The Government of Québec in Canada has released a draft regulation that requires the increased use of renewable fuels in the province.
The new renewable fuels standard, which has been applauded by industry association Advanced Biofuels Canada (ABFC), proposes a market-based mechanism to incentivise low-carbon biofuels.
Ethanol in gasoline has been set at a minimum of 10% by 2021, rising to 15% by 2025 (annual average). If the ethanol has 10% cellulosic content, the 2021 and 2025 ethanol requirements are 9% and 13.5% respectively.
Bio-based diesel fuel is to be 2% by 2021, rising to 4% by 2025 in the diesel pool in the province. In terms of feedstocks for the biofuel, the government has suggested that cellulosic ethanol can be derived from a range of municipal, industrial, agricultural and forestry feedstock; bio-based diesel can be biodiesel or any other renewable fuel suitable for use in high-speed diesel engines.
Titled the ‘Regulation respecting the minimum volume of renewable fuel in gasoline and diesel fuel’, the new standard is expected to double the use of ethanol in Québec – from 470 million litres in 2017 – and significantly expand the renewable fuel content in diesel fuel, which was negligible in 2017.
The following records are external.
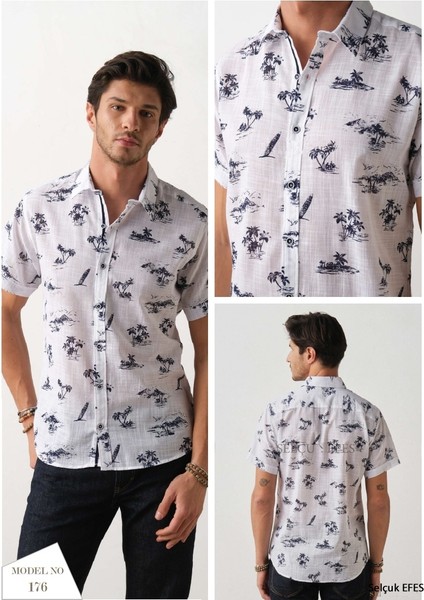 Palmiye Desenli Gömlek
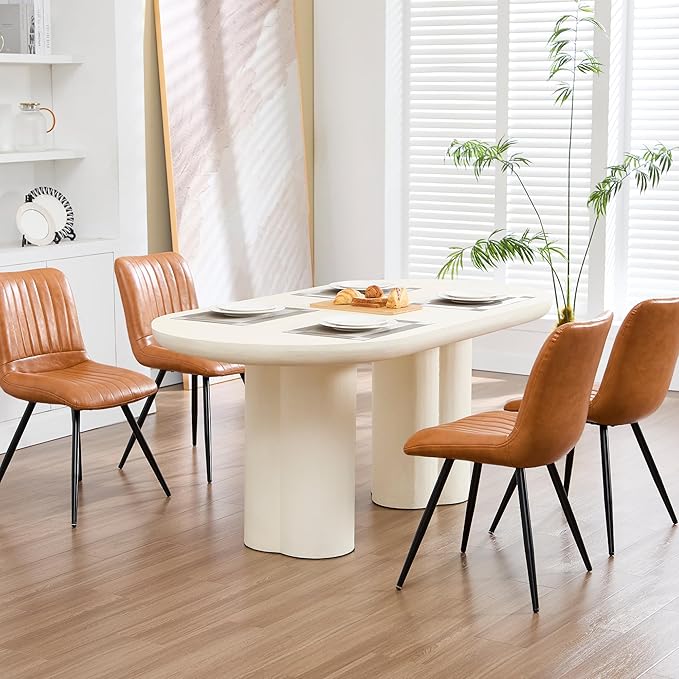 Dining Chairs Set of 4, Modern Dining Chairs with Thick Cushions, PU Leather Upholstered Kitchen Dining Room Chairs with Metal Legs for Dining Living Room (Caramel)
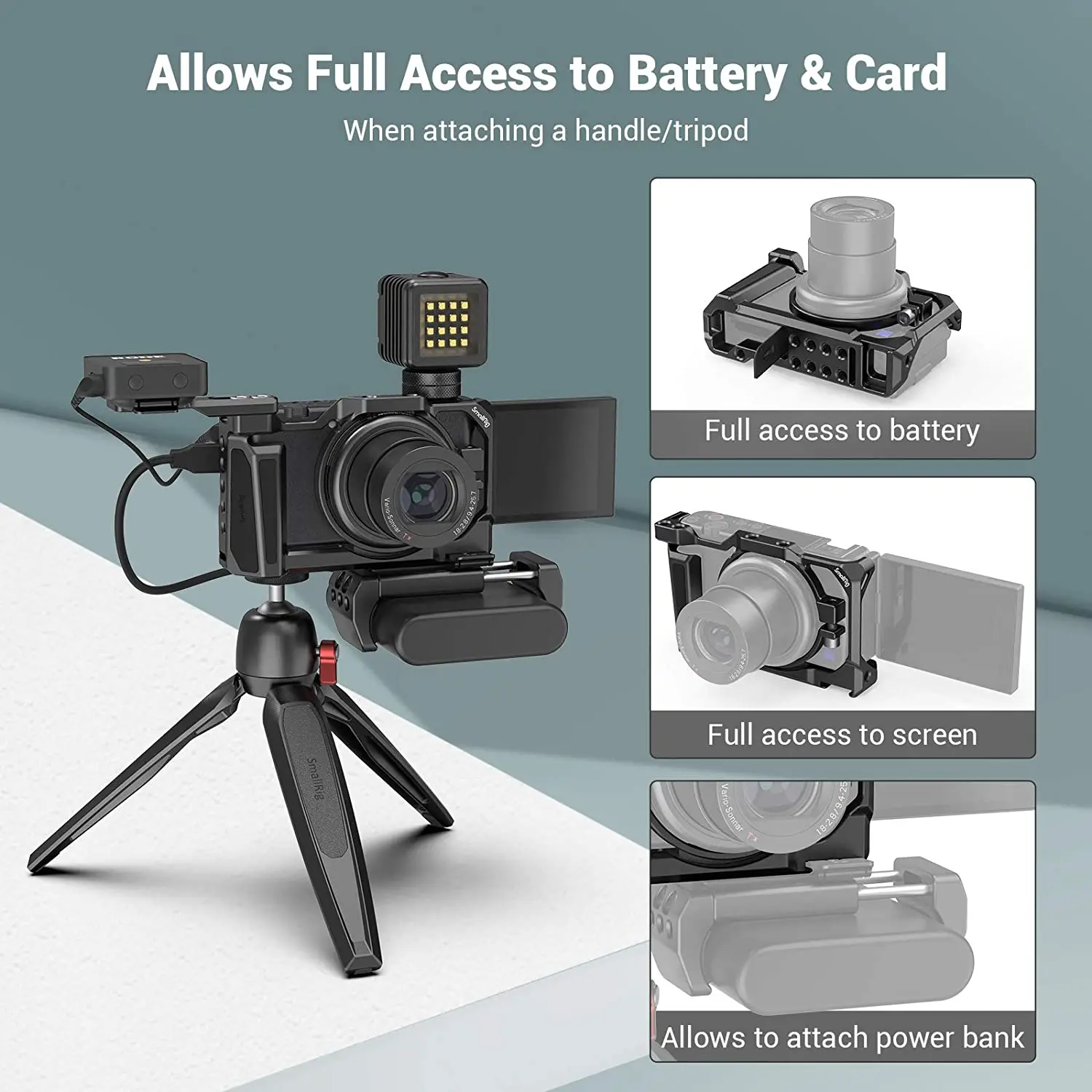 Gaiola para Sony Gaiola com Alça Integrado para Microfone Smallrig Câmera Lateral Sapato Frio Flash Luz Opção Faça Você Mesmo 2938 Zv1 - Image 3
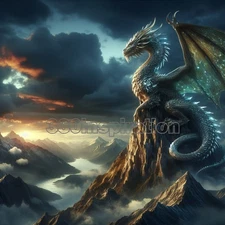 Digital Image Picture Photo Wallpaper Background Desktop Dragon Mountains #A392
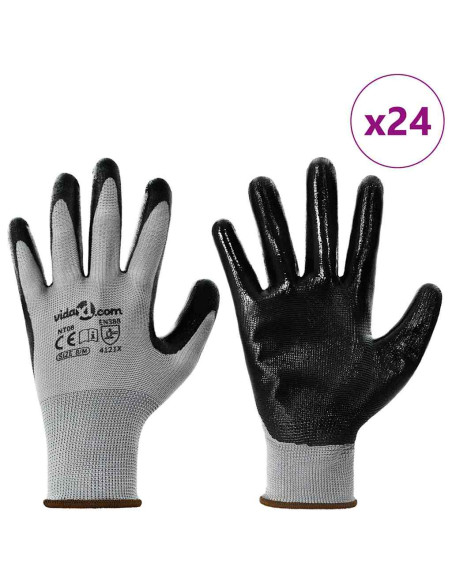 Guanti da Lavoro 24 pcs Grigio e Nero 8 / m Poliestere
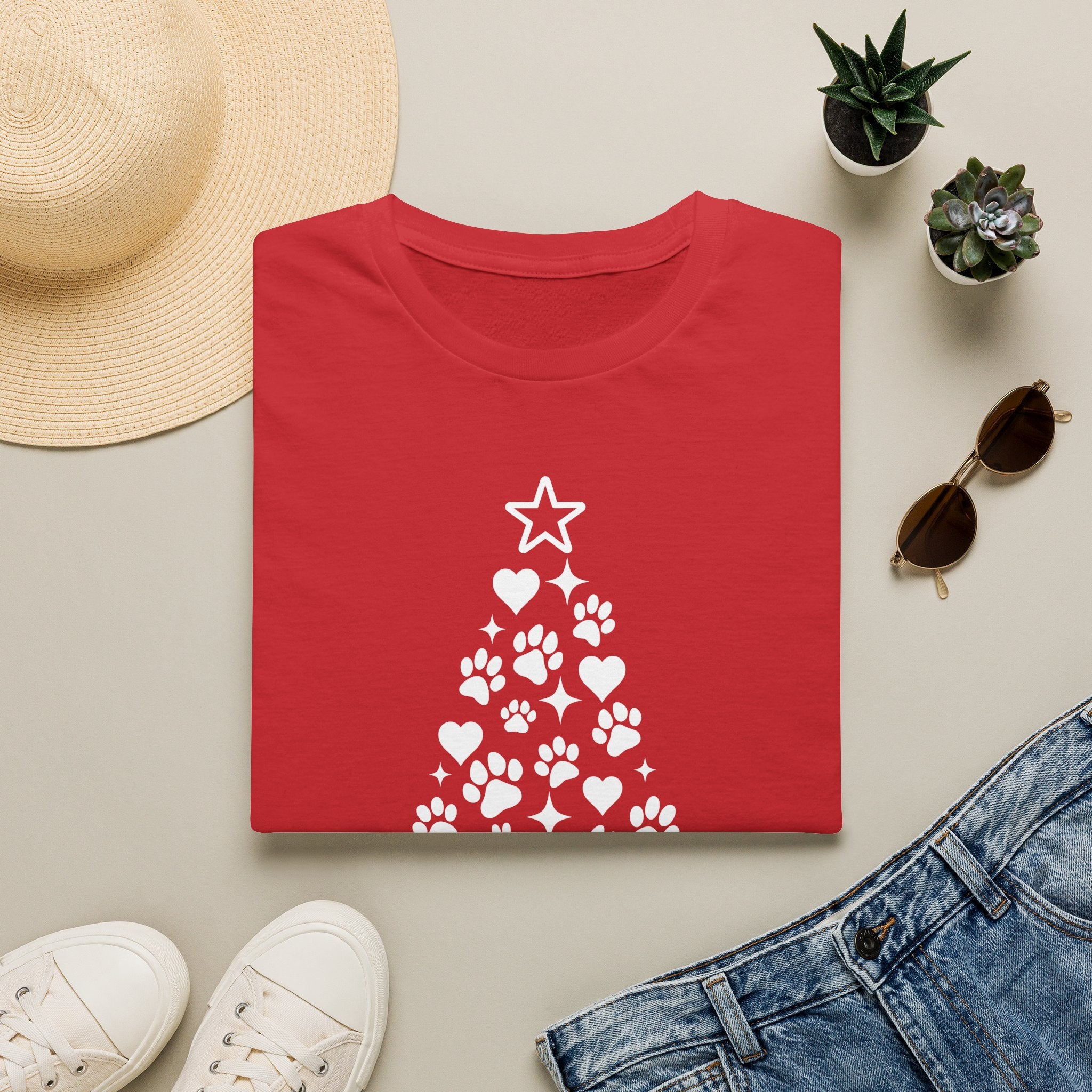 Paw Paw Print Christmas Tree T-Shirt | Dog Lover Holiday Tee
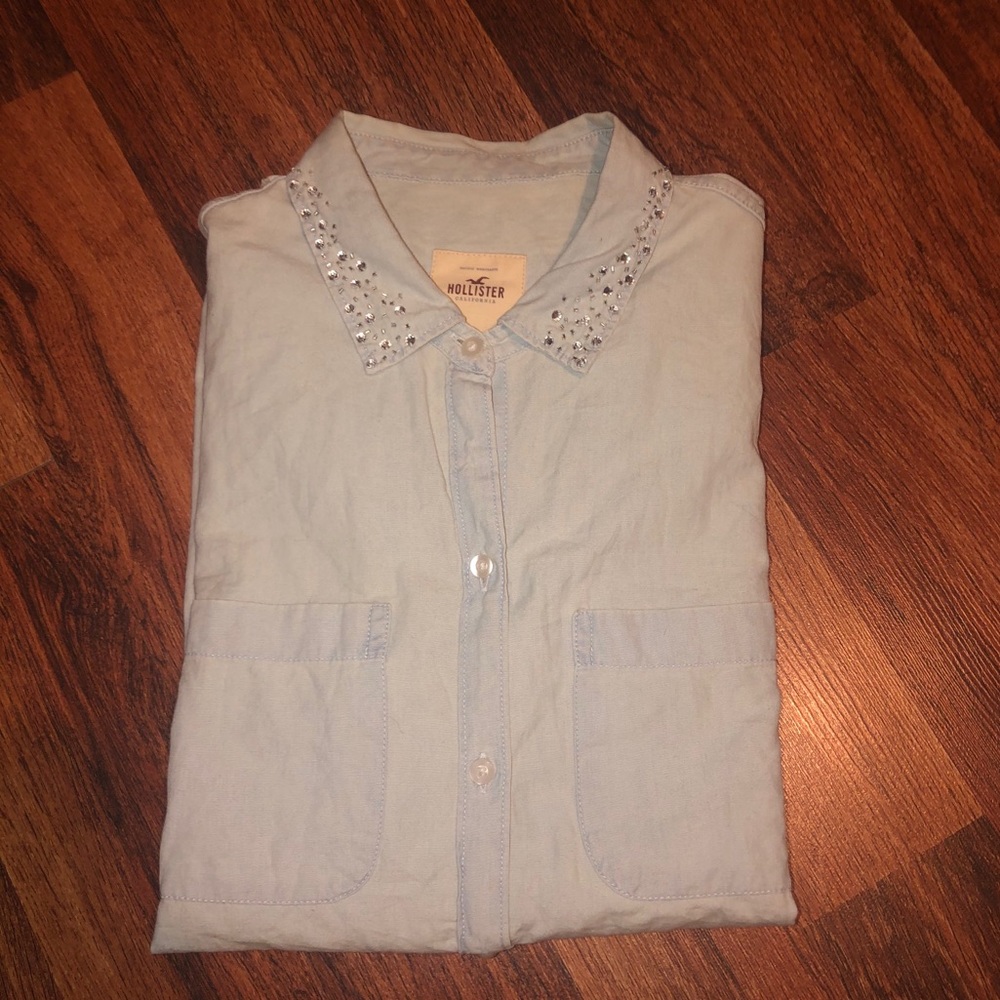 Long sleeve button up shirt, Hollister size M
“With this proposal, Québec continues to address its largest single greenhouse gas emissions source: transportation, at 41%,” commented Ian Thomson, president of ABFC. “It also continues the transition to a circular bioeconomy by using Québec's sustainable agricultural crops, agricultural and forestry residues, as well as urban and industrial waste streams.
“The wholesale pre-tax cost to Québec residents for fossil fuels was $9 billion [€6.1 billion] in 2018; most of that spending left the province. With this regulation, Québec can reduce its exposure to volatile global energy markets with greater use of abundant domestic renewable feedstocks and low carbon, made-in- Québec clean fuels.”
According to the ABFC, advanced biofuels can reduce greenhouse gas emissions by up to 115% compared with fossil fuels.
Thomson added: “Québec’s announcement is also notable as a further example of the growing trend to more direct provincial action on climate change and energy security. Canada’s diverse natural resource and transportation profiles require regionally appropriate energy and climate policies best suited to local economic development and clean growth jobs.”